We have a data file of real-time observations of beam diameters and beam positions at different locations in the beam path of a laser system.  The filename is observation_data.csv.  The columns of the file are dates, times, locations, beam diameters, and beam positions, separated by commas, e.g.,

Date,Time,Location,Diameter,X,Y.
01/01/2010,10:30:05.54,Front,4.551,0.2,-0.3
01/01/2010,10:30:07.66,TopFlange,14.37,-1.18,1.77
01/01/2010,10:30:10.87,Front,4.53,-0.18,0.143

02/02/2010,16:35:14.8,BackMount,3.553,-2.43,3.14
02/02/2010,19:49:56.096,EntryPort,,6.133,1.56.18,2.676
02/02/2010,21:52:11.656,Flange,24.53,-0.123,10.234

The data file contains two-months worth of data taken roughly every five-seconds at seven different locations in the laser system.

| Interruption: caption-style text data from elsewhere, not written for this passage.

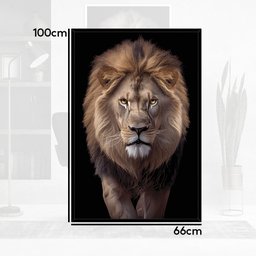Quadro Decorativo Leão Judá Sala Quart Moldura CxAlta 100x66 Arte na Arte Moldura Preta - 4
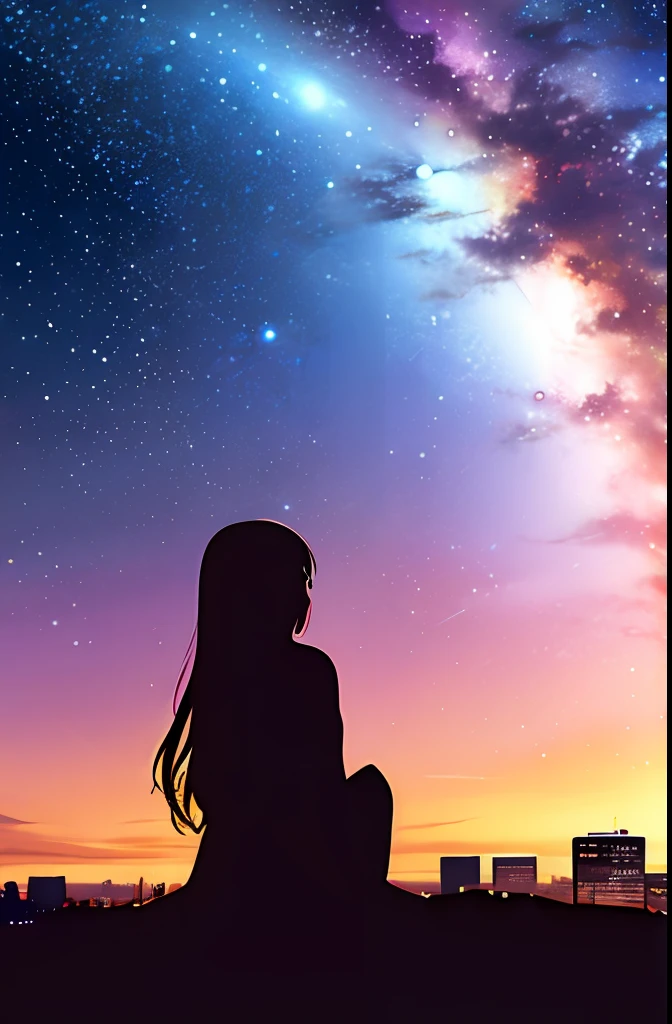 octans, sky, star (sky), scenery, starry sky, night, 1girl, night sky, solo, outdoors, building, cloud, milky way, sitting, tree, long hair, city, silhouette, cityscape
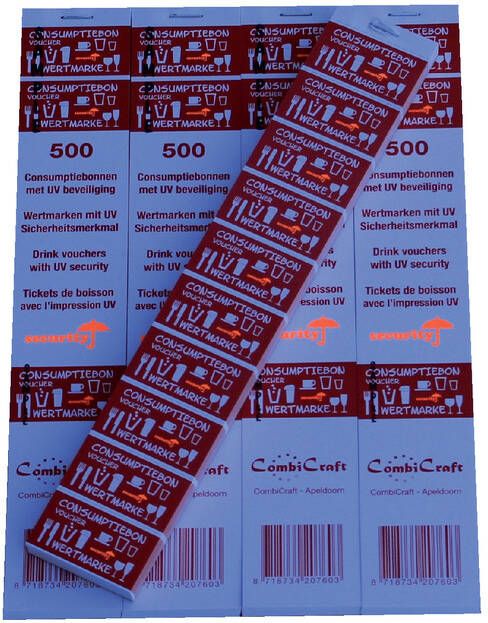 Combicraft Consumptiebon met UV beveiliging 500 stuks rood - Foto 2
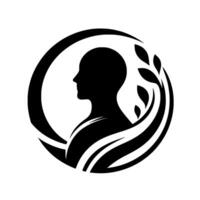 A serene black silhouette of a person within a circular embrace of natures elements, symbolizing peace, health, and balance. vector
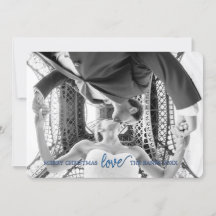 7" x 5" Love Christmas Card in Nebulas Blue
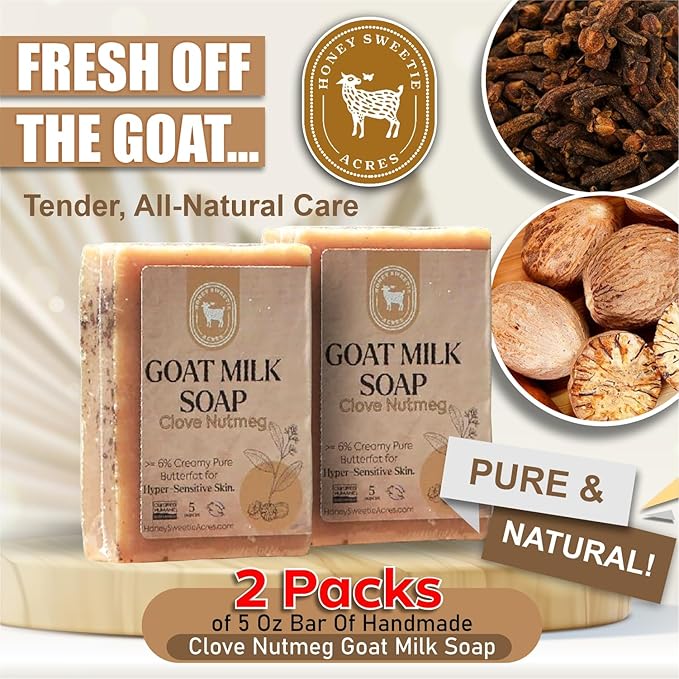 Honey Sweetie Acres 2-Pack Clove Nutmeg Goat Milk Soap - Handmade 5 oz Bar, Made with Natural Ingredients, Moisturizing & Gentle, Made in the USA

The grep command searches for a string or pattern in a text file, and sends all rows with the string to the standard output.  For example,

% grep '01/02/2010′ observation_data.csv

will select all rows in the file observation_data.csv with the string '01/02/2010′ to the standard output, effectively selecting all measurements made on January 2, 2010, at all locations in the laser system.  The rows will be printed to you screen.  To send the output to a file for inspection later, we can use a carrot to re-direct the standard (screen) output to a file,

% grep '01/02/2010′ observation_data.csv > data_from_20100102.csv

To select only observations made on the Front mirror, on January 2, 2010, we can cascade grep calls,

% grep '01/02/2010′ observation_data.csv | grep 'Front' > data_from_20100102_Front.csv

How could we extract the necessary data in the follow cases?

1) January 12, 2011, during an experimental run from 11PM to 4AM, the laser system performed optimally based on an experimental metric (e.g., optimized interaction or yield); how do you extract the measured alignment of the laser, so you might be able design an adaptive optics system to stabilize laser alignment near this optimum.

2) You notice that measured experimental interaction tends to fade between 7AM and 10AM, as the run rises and shines on the TopFlange mirror mount.  You are concerned that the heat of the sun shining on the mount causes enough expansion to cause a minor misalignment.  How would you parse observation_data.csv to extract the data that may help confirm this?

Time spent: three hours.